Woody Allen once said “[t]here are worse things in life than death. Have you ever spent an evening with an insurance salesman?” Insurance is generally the last thing people want to think or talk about. Even so, it is an important part of most, if not all, peoples’ lives – and can be a very important means of financial protection. It can involve every aspect of life, from health to homeowning. But you don’t want to have to use your insurance, because that means that something bad has happened.
A landlord will often get insurance to cover everything from vandalism from his tenants to water damage from a storm. These policies have typical insurance practices, for example, most policies will require a duty to cooperate with an insurer’s investigation during when damage to property occurs. An insurance company will make requests for documentation, including pictures and reports to verify the extent of the loss. The longer it does not receive this documentation, the longer it takes to determine what must be covered. When the company does not receive this information for too long, or infrequently after many requests, courts can find that the insurer’s rights have been “materially dilute[ed].”
In Vidi v. Cumberland Mutual Fire Insurance Company, a New Jersey Appeals Court decision, plaintiff policyholders sought to recover from their defendant insurance company after their commercial building suffered two losses – one from sewage backup from one of the units and another from snow on the roof. The insurance company made multiple requests for the lease agreements, for the plaintiffs to file a claim for each source of damage separately and made other requests for estimates, photographs, and proofs of loss to assess the damage. When Plaintiffs did not respond after receipt of five separate letters from the insurance company, it denied their claim. Plaintiffs then filed suit. The trial court granted judgment for the insurance company stating that “I think the policy is pretty clear and unambiguous, that you have to cooperate before you file suit. The record is just void of any evidence of compliance at all.”
The appellate court here reversed the decision, finding that even though there was no dispute that the plaintiffs did not promptly respond to the insurance company’s requests, they did not find that the insurance company could prove that their delays “materially diluted” it’s ability to investigate the claim.

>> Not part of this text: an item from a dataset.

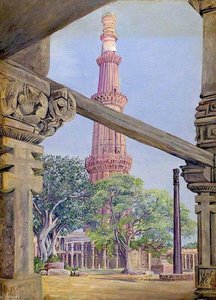 The Kutub And Iron Pillar. Delhi. India. Novr. 1878 — Marianne North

While Vidi shows is an instance where the court did not hold the plaintiff’s delay against them. It is critical to note, though, that this was because the insurance company did not prove that their investigation was “materially diluted” by the delay. In other cases, the delay in the production of documents was deemed to have met this standard and the property owner lost. It’s not clear what a particular judge may decide is a “material dilution” of an insurance company’s investigation, so it is best to promptly respond ASAP whenever possible.